4. Jij betaalt mee, ook al heb je geen bedrijfswagen
Een gemiddelde bedrijfswagen kost de overheid 3.486 euro aan verloren belastinginkomsten. Op basis van het aantal bedrijfswagens in België is de totale directe fiscale kost voor de federale overheid ongeveer 2,175 miljard euro.
Dat bedrag moet dus door andere belastinginkomsten goedgemaakt worden.
Daarnaast heb je nog de externe kosten van de bedrijfswagen. Het Federaal Planbureau berekende de externe kost op 2.300 euro per bedrijfswagen.
Die externe kosten worden veroorzaakt door een misallocatie van middelen (huishoudens hebben meer en duurdere wagens dan nodig) en grotere milieu- en congestiekosten, ze leggen immers meer kilometers af en vooral in de spits.
De tankkaart is zowel voor de werknemer als voor de werkgever zeer voordelig. Wie elke zondag met de bedrijfswagen en een tankkaart 100 kilometer naar zee rijdt, betaalt zelf 0 km, laat de werkgever 70 kilometer betalen en de overige 30 kilometer betalen jij en ik.
5. De bedrijfswagen versterkt de sociale ongelijkheid
Een paar vaststellingen uit onderzoek van Xavier May, 2017, Brussels Studies:
Hoe meer privéritjes (inclusief woon-werkverkeer), hoe interessanter de bedrijfswagen is voor de gebruiker. De boutade ‘betaald worden in kilometer’ gaat dus zeker op.
Hoe meer je de bedrijfswagen gebruikt voor zakelijke verplaatsingen, hoe kleiner de waarde van de bedrijfswagen wordt voor de gebruiker.
Hoe duurder de bedrijfswagen, hoe voordeliger die uitkomt voor de werknemer. Een dubbel zo dure bedrijfswagen kost de gebruiker maar een klein beetje meer.

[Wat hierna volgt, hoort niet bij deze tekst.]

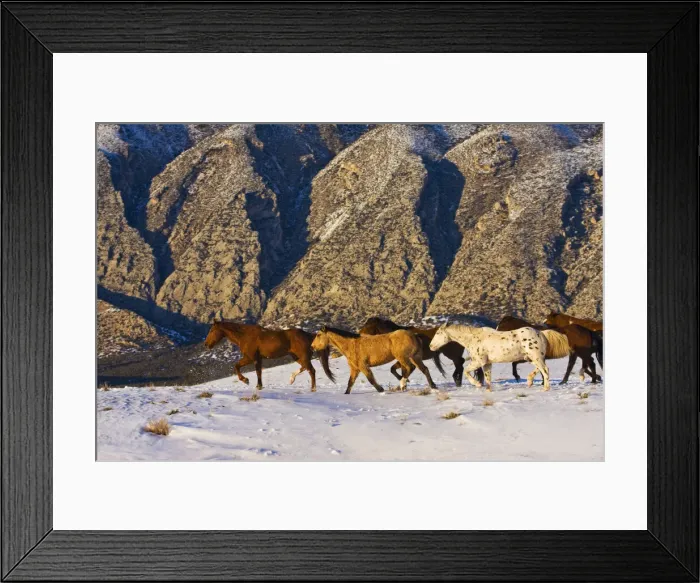 Framed Print : DDE-90039777 Framed Print : DDE-90039777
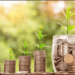 1. Best personal finance tips for beginners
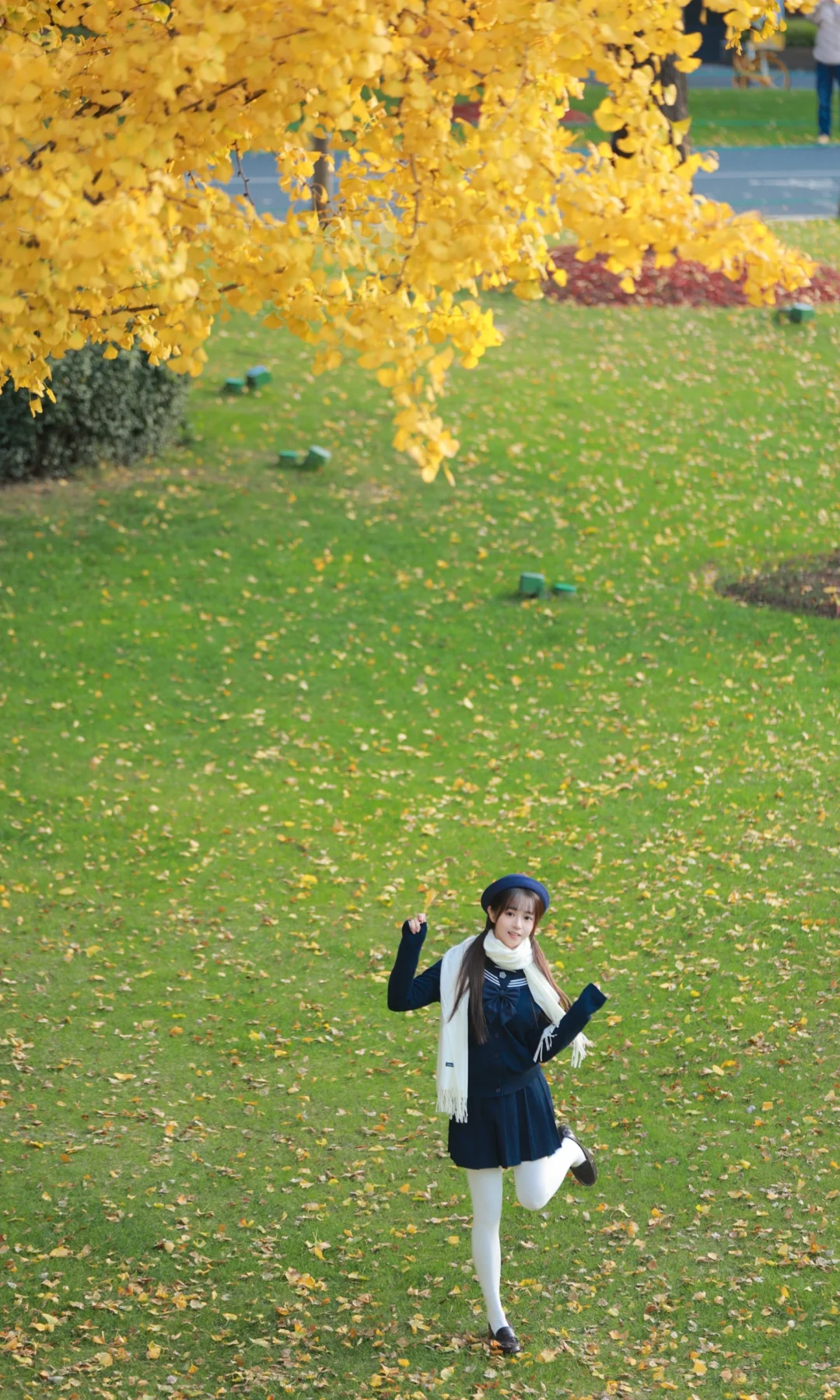 抓住秋天的尾巴，去拍银杏叶黄啦🍂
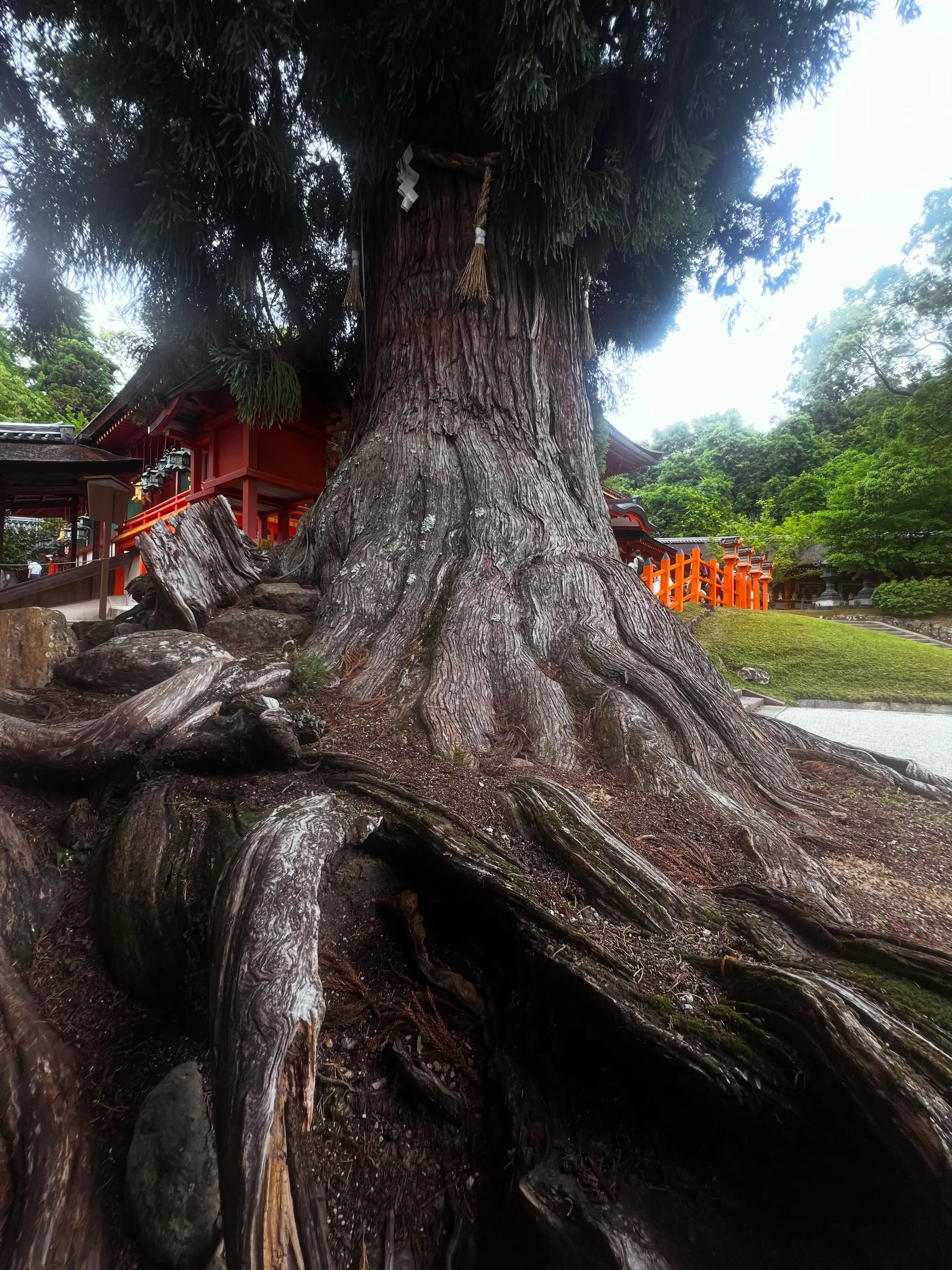 奈良の春日大社、東大寺南大門へ数十年振りに訪問して、圧巻のP...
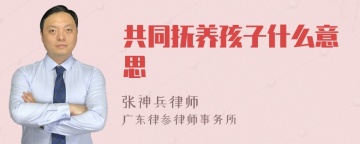 共同抚养孩子什么意思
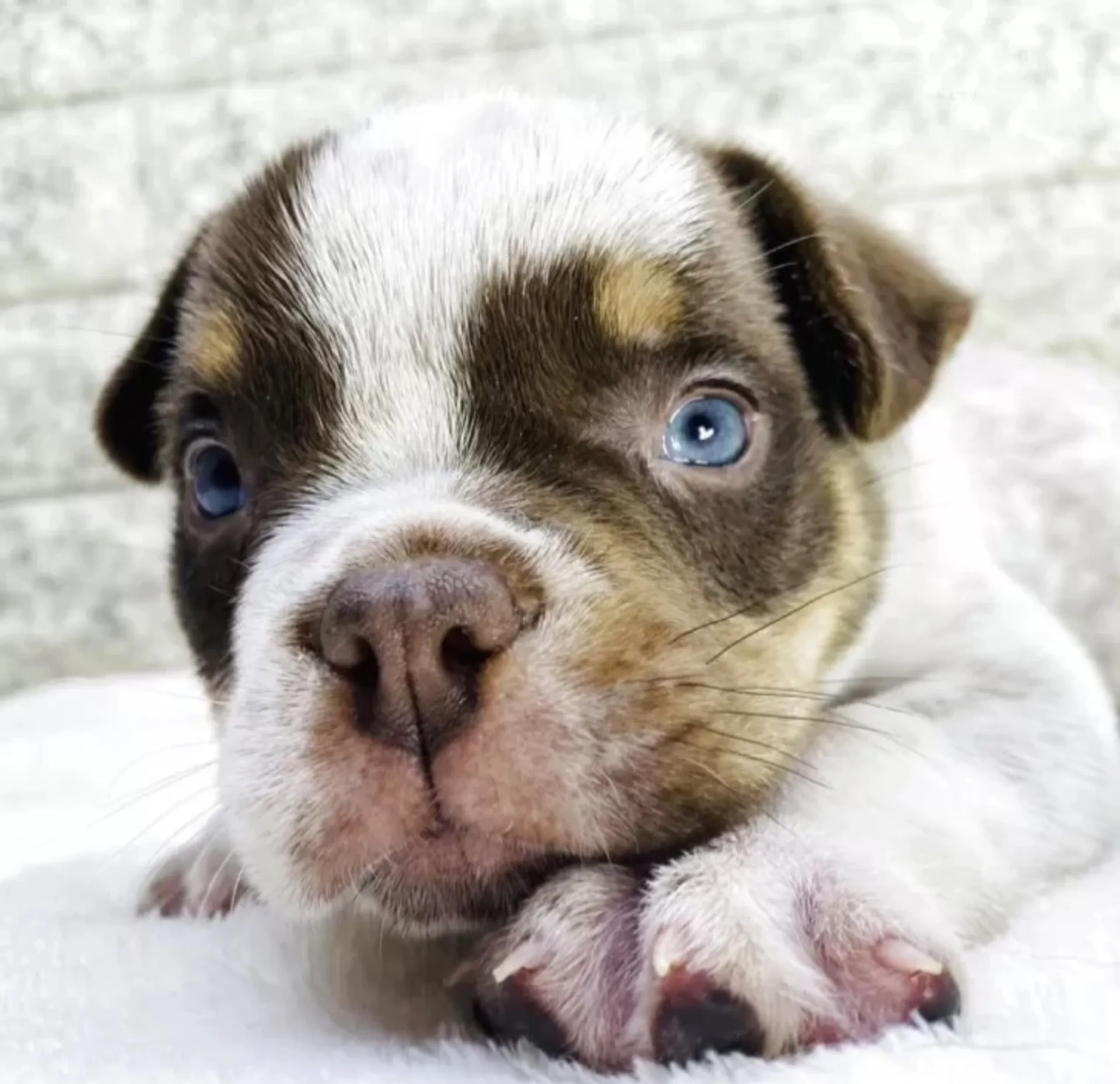 エキゾチックブリー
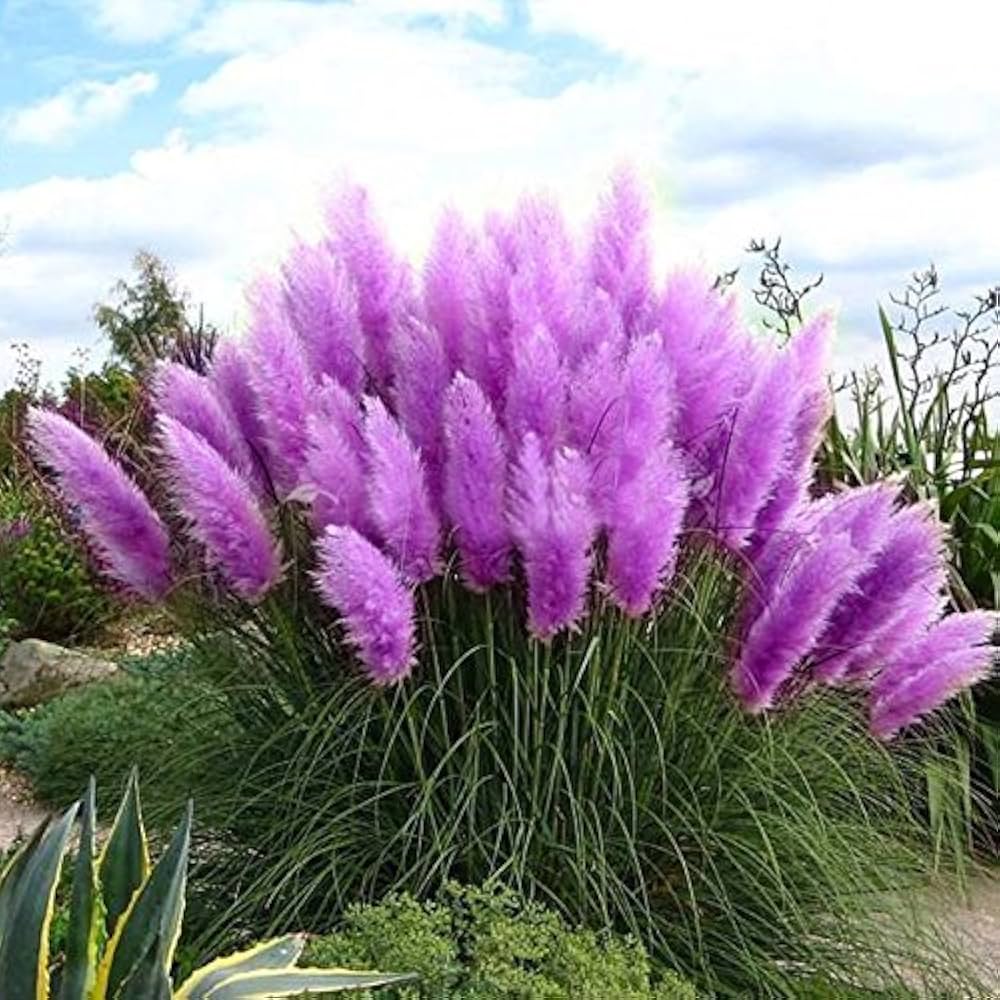 Nema Rare Purple Pampas Grass Seeds – Ornamental Grass Seeds for Planting, Heirloom & Non-GMO Drought-Tolerant Perennial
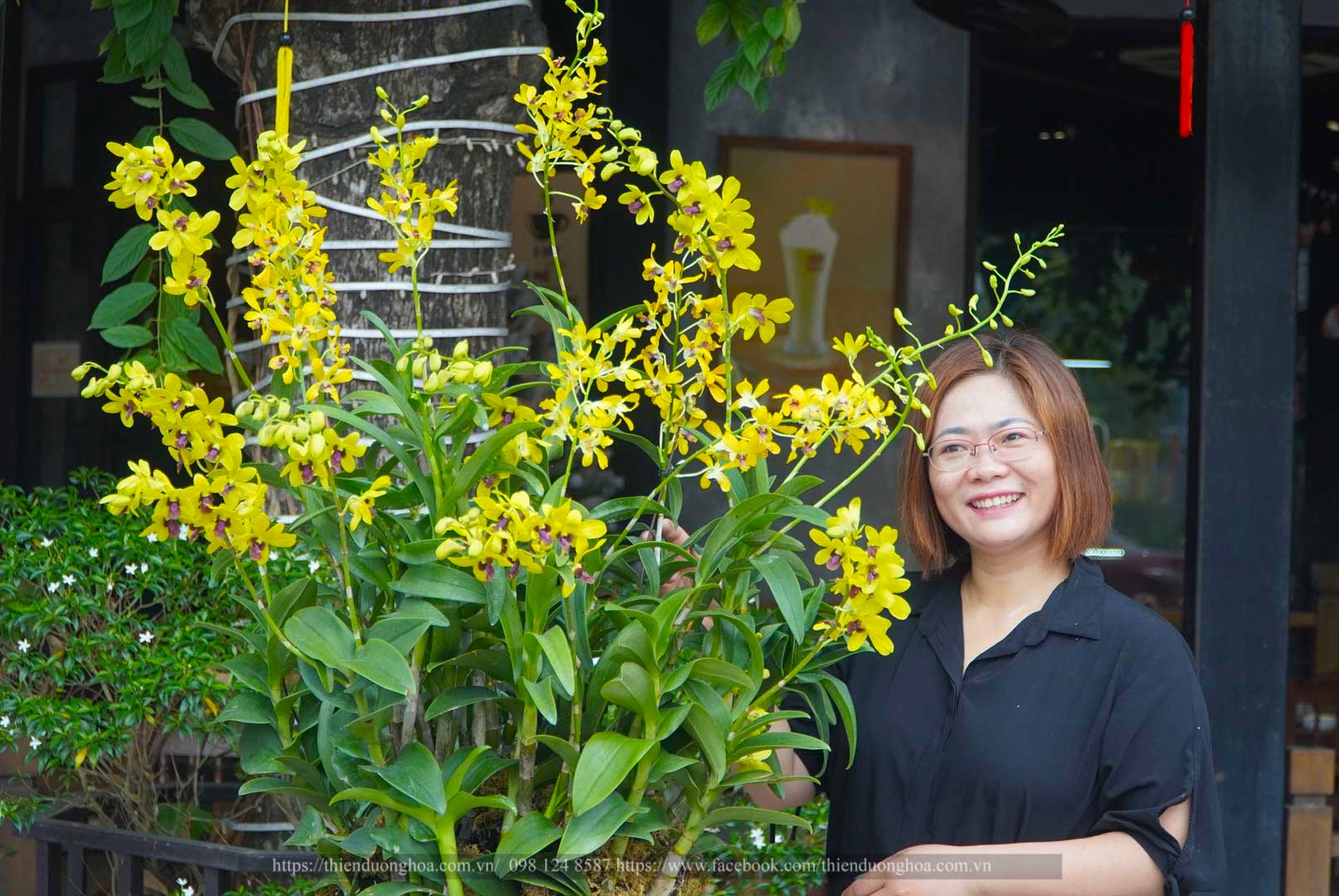 Hoa Lan Dendro Pensoda: Vẻ Đẹp Tinh Khiết Và Hương Thơm Quý Phái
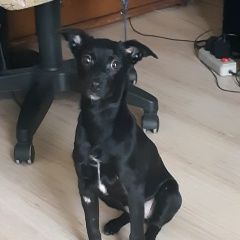 Подробнее об объявлении «Химки Пропала собака черного цвета в химках» Фото: пропала собака  «Химки Пропала собака черного цвета в химках» в г. Химки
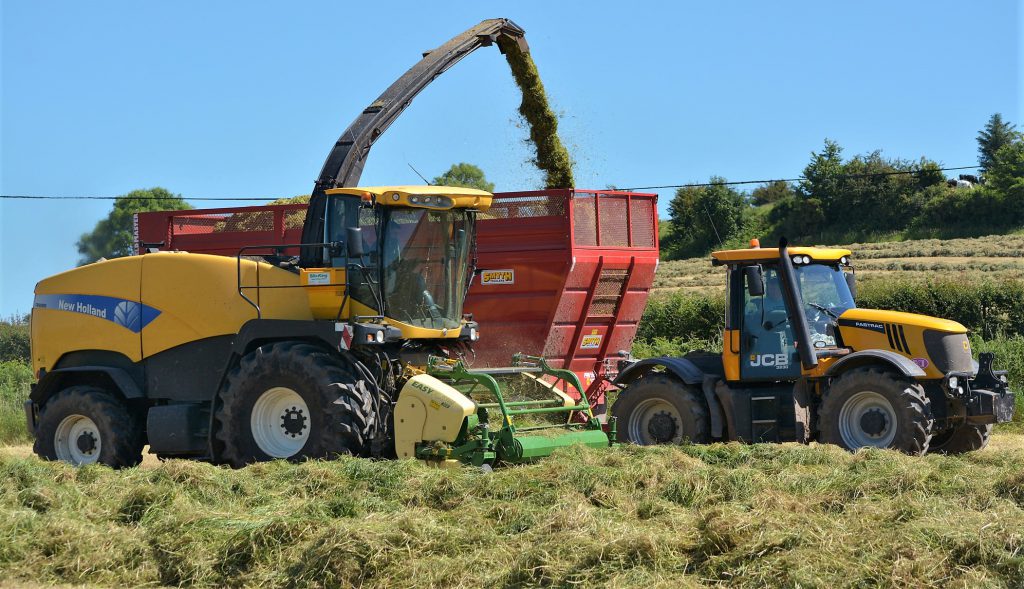 Image source: Shane Casey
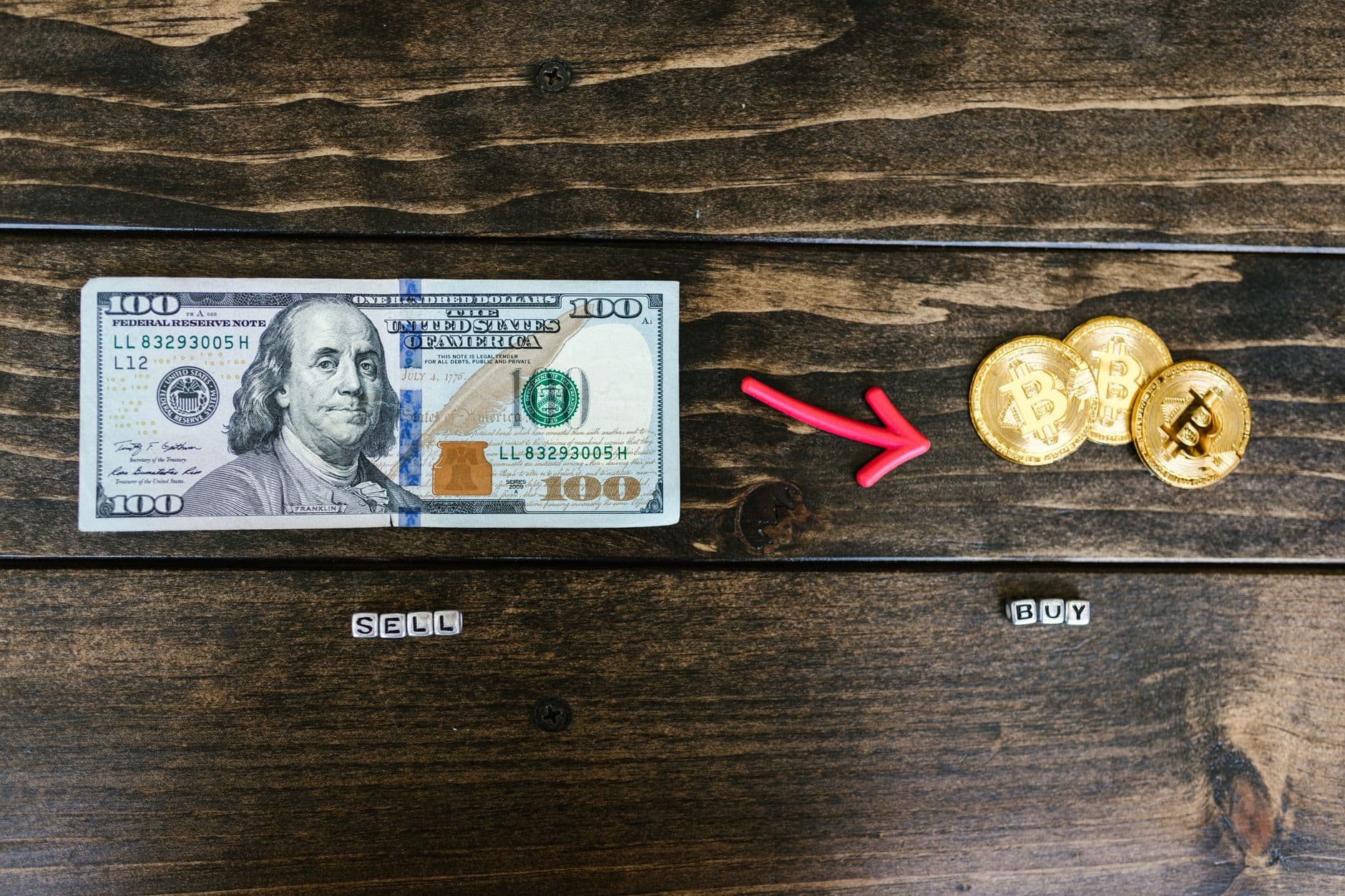 A person happily looking at a laptop screen displaying a 'You earned $100' notification, symbolizing making their first $100 online.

Dat het afschaffen van de bedrijfswagens de koopkracht vermindert, geldt enkel voor wie een bedrijfswagen heeft. Het leidt net tot meer koopkracht voor de rest en dat zijn meestal de lagere inkomensgroepen voor wie dat wél een reëel verschil maakt.
Meer dan de helft van de bedrijfswagens gaat naar de 10 procent hoogste inkomens. De bedrijfswagen is duidelijk een asociale maatregel die vooral de progressiviteit van inkomensbelastingen en de bijdragen voor sociale zekerheid afvlakt.
Meer kosten dan baten
We weten niet hoeveel bedrijfswagens er juist zijn, maar wel dat ze de belastingbetaler heel wat kosten, mee verantwoordelijk zijn voor de files en sterk de moduskeuze van werknemers richting (bedrijfs)wagen sturen. Door bedrijfswagens betalen de hoogste inkomens minder belastingen en de lage inkomens meer.